# Remap vs ECU Upgrade : Admiral Insurance



## Zed Ed (Oct 24, 2007)

Just a word if caution if you are with Admiral.

Apparently they will allow power upgrades from an 'ECU upgrade' but not from a 'remap' , which is verboten.

Completely daft?

Ed


----------



## sumo69 (Mar 31, 2008)

Surely you are upgrading (to an improved map)?

D


----------



## sumo69 (Mar 31, 2008)

How did the confusion arise?

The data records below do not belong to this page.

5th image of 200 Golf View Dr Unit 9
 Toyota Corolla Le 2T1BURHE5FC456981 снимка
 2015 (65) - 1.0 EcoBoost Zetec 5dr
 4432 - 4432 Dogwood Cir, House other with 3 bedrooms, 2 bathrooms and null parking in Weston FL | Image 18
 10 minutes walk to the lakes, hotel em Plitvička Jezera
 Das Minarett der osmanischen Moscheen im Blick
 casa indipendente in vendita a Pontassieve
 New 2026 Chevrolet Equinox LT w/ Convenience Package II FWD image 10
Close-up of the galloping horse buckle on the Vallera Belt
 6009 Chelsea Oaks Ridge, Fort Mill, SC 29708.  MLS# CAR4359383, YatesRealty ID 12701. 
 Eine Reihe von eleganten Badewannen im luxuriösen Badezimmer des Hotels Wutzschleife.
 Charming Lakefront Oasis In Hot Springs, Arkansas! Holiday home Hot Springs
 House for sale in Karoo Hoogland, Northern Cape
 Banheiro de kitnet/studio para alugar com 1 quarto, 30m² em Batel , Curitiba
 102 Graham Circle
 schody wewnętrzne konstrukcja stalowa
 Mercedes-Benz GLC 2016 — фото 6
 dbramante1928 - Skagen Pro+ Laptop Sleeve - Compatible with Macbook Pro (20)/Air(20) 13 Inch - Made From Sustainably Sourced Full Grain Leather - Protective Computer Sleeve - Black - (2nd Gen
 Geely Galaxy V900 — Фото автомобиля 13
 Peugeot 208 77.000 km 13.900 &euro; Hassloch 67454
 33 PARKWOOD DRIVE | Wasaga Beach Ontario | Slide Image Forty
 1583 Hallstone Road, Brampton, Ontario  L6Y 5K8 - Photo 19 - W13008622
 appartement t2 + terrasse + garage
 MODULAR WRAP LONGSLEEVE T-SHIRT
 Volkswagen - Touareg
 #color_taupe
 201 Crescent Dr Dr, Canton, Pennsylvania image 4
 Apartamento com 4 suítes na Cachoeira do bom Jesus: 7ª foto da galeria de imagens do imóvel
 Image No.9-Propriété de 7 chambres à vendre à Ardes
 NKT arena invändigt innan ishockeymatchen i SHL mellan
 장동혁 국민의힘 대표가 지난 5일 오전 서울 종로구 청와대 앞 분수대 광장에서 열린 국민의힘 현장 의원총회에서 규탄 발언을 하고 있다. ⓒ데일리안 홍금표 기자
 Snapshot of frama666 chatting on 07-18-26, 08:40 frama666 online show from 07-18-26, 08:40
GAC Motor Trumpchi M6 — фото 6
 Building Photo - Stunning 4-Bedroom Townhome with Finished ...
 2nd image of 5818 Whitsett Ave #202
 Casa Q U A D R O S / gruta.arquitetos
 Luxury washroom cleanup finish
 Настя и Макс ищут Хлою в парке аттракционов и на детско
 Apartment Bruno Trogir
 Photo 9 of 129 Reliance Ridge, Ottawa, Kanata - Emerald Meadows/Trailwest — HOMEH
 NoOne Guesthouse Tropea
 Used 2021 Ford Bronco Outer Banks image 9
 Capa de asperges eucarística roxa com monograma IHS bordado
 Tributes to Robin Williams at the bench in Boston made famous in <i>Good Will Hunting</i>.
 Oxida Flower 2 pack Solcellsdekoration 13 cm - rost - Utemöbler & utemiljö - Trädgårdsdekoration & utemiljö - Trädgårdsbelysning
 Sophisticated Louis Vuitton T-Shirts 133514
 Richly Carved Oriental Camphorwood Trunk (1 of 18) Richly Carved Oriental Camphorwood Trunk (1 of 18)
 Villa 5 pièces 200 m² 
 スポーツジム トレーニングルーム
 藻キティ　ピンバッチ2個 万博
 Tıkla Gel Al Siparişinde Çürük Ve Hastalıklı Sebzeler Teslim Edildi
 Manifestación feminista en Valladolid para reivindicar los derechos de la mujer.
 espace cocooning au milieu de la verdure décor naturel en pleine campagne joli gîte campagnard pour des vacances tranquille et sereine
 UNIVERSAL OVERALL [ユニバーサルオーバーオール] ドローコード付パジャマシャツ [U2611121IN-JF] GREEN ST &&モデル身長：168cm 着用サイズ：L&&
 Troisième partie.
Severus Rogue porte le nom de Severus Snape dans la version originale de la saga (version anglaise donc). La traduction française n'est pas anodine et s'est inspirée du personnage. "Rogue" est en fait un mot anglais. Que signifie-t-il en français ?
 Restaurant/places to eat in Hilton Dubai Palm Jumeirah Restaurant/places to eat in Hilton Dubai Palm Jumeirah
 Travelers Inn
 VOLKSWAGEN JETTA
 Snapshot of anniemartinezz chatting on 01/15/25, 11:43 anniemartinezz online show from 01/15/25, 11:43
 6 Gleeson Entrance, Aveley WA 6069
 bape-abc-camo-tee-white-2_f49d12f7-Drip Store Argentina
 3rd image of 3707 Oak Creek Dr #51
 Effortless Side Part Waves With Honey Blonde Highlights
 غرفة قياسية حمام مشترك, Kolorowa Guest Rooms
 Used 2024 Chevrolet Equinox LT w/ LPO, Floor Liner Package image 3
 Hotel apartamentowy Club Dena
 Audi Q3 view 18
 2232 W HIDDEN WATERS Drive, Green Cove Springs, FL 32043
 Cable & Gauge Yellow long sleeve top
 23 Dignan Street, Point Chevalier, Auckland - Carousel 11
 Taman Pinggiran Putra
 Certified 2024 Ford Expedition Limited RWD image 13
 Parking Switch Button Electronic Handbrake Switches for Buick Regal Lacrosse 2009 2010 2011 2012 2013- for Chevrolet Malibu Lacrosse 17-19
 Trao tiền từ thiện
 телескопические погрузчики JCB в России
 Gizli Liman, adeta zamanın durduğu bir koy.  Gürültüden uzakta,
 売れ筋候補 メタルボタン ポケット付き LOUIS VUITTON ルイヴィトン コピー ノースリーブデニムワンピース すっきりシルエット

Thought you had already cleared this?

I am with Admiral - before I took cover I asked about reasonable power mods and told not an issue subject to a notional premium increase.

D


----------



## Zed Ed (Oct 24, 2007)

Pre renewal they didn't mention the remap prohibition , at renewal they did.

Given an upgrade Ecu presumably involves a revised map, then it is complete nonsense.

Don't want to invalidate my policy.


----------



## ransomnay (Jul 30, 2009)

best not to mention anything, as far as my insurance is concerned its all standard


----------



## miragev (Apr 11, 2007)

just wondered how you would stand if you had mods and you didn't know about them 

uprated turbos for instance 'chipped ecu etc etc..
if your not mechanically minded this could easily happen how do the insurances look on this


----------



## MartyV (Apr 19, 2009)

ransomnay said:


> best not to mention anything, as far as my insurance is concerned its all standard


Why bother paying for insurance at all if you're not actually covered?

I've always been curious at what miragev said. There must be owners out there driving modified cars and not even know it.


----------



## Zed Ed (Oct 24, 2007)

I'd like to think it will boil down to 'good faith' but I suspect in practice it will be an uphill struggle with any insurer.


----------